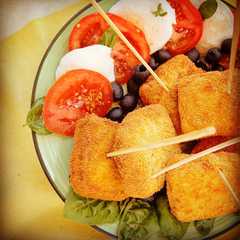 A picture of Fettine di mozzarelle in carrozza.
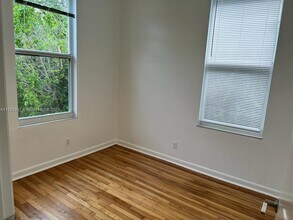 4215 Sheridan Ave in Miami Beach, FL - Building Photo - Building Photo
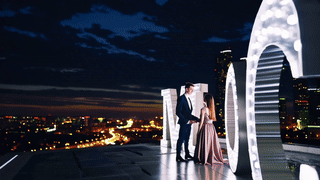 Магия момента: кольцо, огни столицы и внезапный световой сюрприз «Выходи за меня».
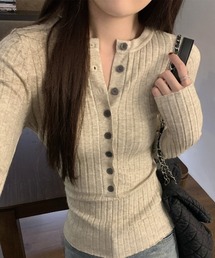 ヘンリーネックリブニット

→ Action item
Return all the material exactly, pictures excluded.

→ Answer to this task
 A picture of Fettine di mozzarelle in carrozza.
 4215 Sheridan Ave in Miami Beach, FL - Building Photo - Building Photo
 Магия момента: кольцо, огни столицы и внезапный световой сюрприз «Выходи за меня».
 ヘンリーネックリブニット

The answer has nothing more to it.